Justice Minister Danail Kirilov submitted his resignation last week amid strong public criticism of a controversial proposal for a new constitution he co-authored.
Parliament on Thursday elected Kirilov’s deputy, Desislava Ahladova, as new justice minister.
It came as crowds gathered in downtown Sofia for another anti-government protest Thursday after a demonstration the night before led to violence, injuries and arrests.
Several thousand people faced off against riot police in front of the parliament building late Wednesday, demanding the resignations of the prime minister and the chief prosecutor. Violent clashes erupted, and Sofia Police Chief Georgi Hadjiiski told reporters on Thursday that 80 police officers were injured. He said 126 people were detained, including 62 with criminal records as football hooligans.
He said “a threshold of tolerance has been crossed” by demonstrators, who have held regular anti-government rallies for nearly two months. After Wednesday’s clashes, police removed tent camps erected by protesters in the Bulgarian capital, the police chief said.
The Union of Bulgarian Journalists issued a statement condemning “violence against journalists” during the police response.
Earlier on Wednesday, President Rumen Radev said that the resignation of the prime minister and his Cabinet was the only way out of the political turmoil.
But senior officials from Borissov’s ruling center-right party said Thursday that after the violent events they will stop all debates about a possible resignation.

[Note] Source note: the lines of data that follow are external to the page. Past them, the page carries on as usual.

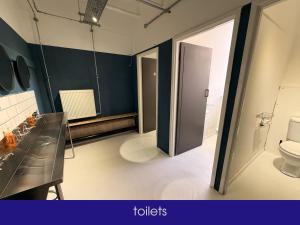a bathroom with a toilet and a sink at NQnap in Manchester +13 photos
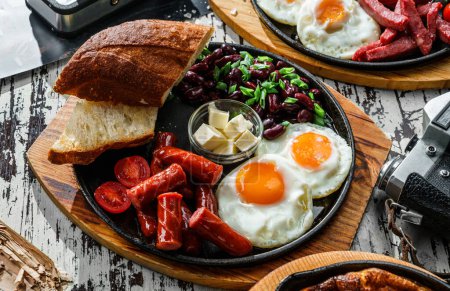 Photo for Delicious breakfast with fried eggs, slices of bread, sausage and salad of beans served on hot pan over wooden background. Healthy breakfast, close up - Royalty Free Image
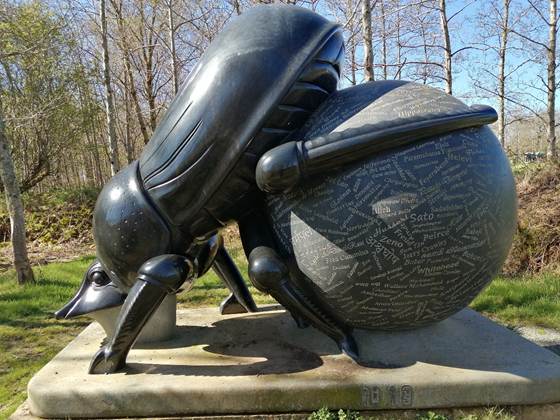 A statue of a bug carrying a large ball

Description automatically generated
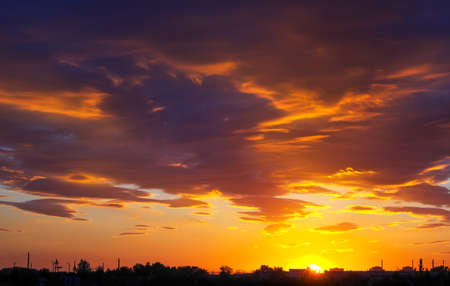Beautiful fiery orange and red sunset sky. の写真素材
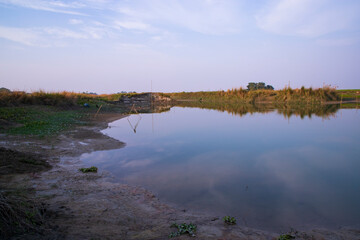 Arial View Canal with green grass and vegetation reflected in the water nearby Padma river in Bangladesh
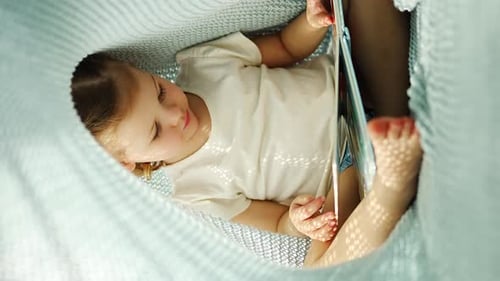 Young Girl Reading a Book under Blanket Fort
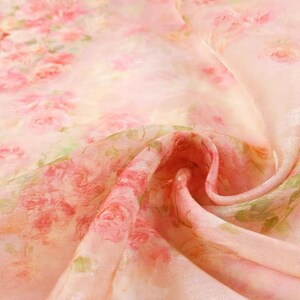 Op de afbeelding: Close-up van een delicate stof met een bloemenpatroon. De stof is zachtroze van kleur, met een herhalend patroon van roze en rode rozen en groene bladeren. De stof is licht doorschijnend en heeft een vloeiende, gedrapeerde uitstraling.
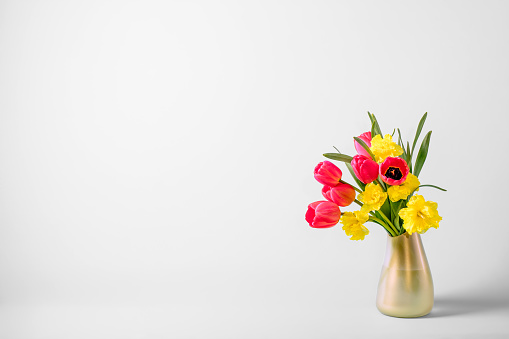 Spring bouquet of yellow buttercups, white daffodils and tulips, bouquet of flowers on the table near the wall, home decoration with flowers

“If we do so, it would mean that any upcoming government could be toppled by representatives of the criminal underworld,” the party said in a statement.

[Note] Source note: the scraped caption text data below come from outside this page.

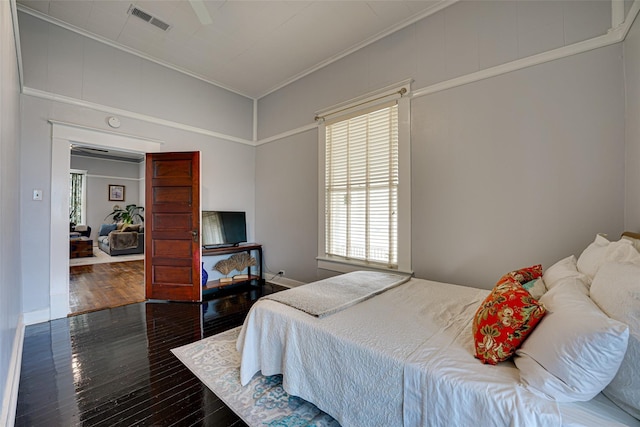 bedroom with crown molding, multiple windows, visible vents, and hardwood / wood-style floors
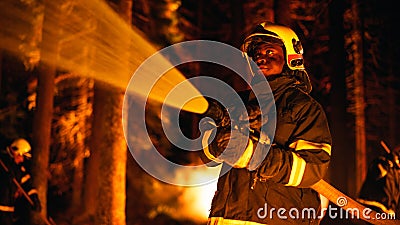 Calm and Collected African American Firefighter Extinguishing a Wildland Fire Deep in a Forest Stock Photo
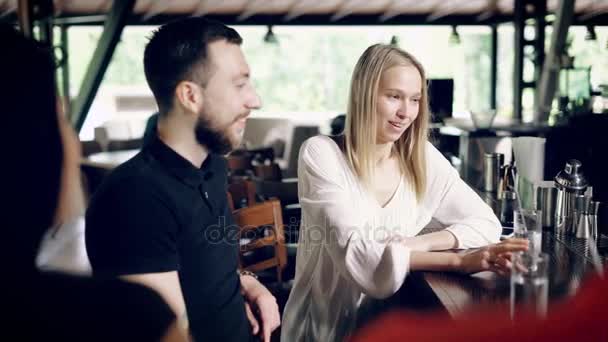 Male and female friends in cafeteria sitting at a bar counter in summer day with barman working.Beautiful girl telling story to companion laughing and gesticulating with silhouettes in the foreground. — Stock Video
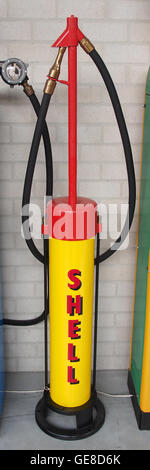 Cette image historique montre une pompe à essence Shell ancienne, mettant en évidence l'évolution de la technologie de distribution de carburant. Ces pompes ont été un élément clé de l'histoire automobile, marquant le développement de systèmes de ravitaillement modernes. Banque D'Images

Borissov is instead reshuffling his center-right government and offering to overhaul the country’s political system through constitutional changes.
Legal experts were quick to denounce the government’s draft for a new constitution as cosmetic changes and lacking important elements such as requiring stricter accountability from the chief prosecutor.
Political analysts have called the draft a panicked attempt by Borissov to buy some time and remain in office until his term ends in March.
On Wednesday, a revised draft of the new constitution secured enough support in parliament to launch up to five months of debates providing Borissov with the breathing space he needs.